Collection entries
┌──
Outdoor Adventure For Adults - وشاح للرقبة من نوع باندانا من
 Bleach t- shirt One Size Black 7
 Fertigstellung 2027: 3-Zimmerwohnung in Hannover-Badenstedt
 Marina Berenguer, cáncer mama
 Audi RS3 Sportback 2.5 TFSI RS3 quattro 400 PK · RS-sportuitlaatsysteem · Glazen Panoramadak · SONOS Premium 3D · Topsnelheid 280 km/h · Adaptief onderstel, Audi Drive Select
└──
> Exercise requirements: Copy verbatim the span of lines that begins with the line holding "Bleach t- shirt One Size Black 7" and ends at the last line of the records.

> Solution to this task:
 Bleach t- shirt One Size Black 7
 Fertigstellung 2027: 3-Zimmerwohnung in Hannover-Badenstedt
 Marina Berenguer, cáncer mama
 Audi RS3 Sportback 2.5 TFSI RS3 quattro 400 PK · RS-sportuitlaatsysteem · Glazen Panoramadak · SONOS Premium 3D · Topsnelheid 280 km/h · Adaptief onderstel, Audi Drive Select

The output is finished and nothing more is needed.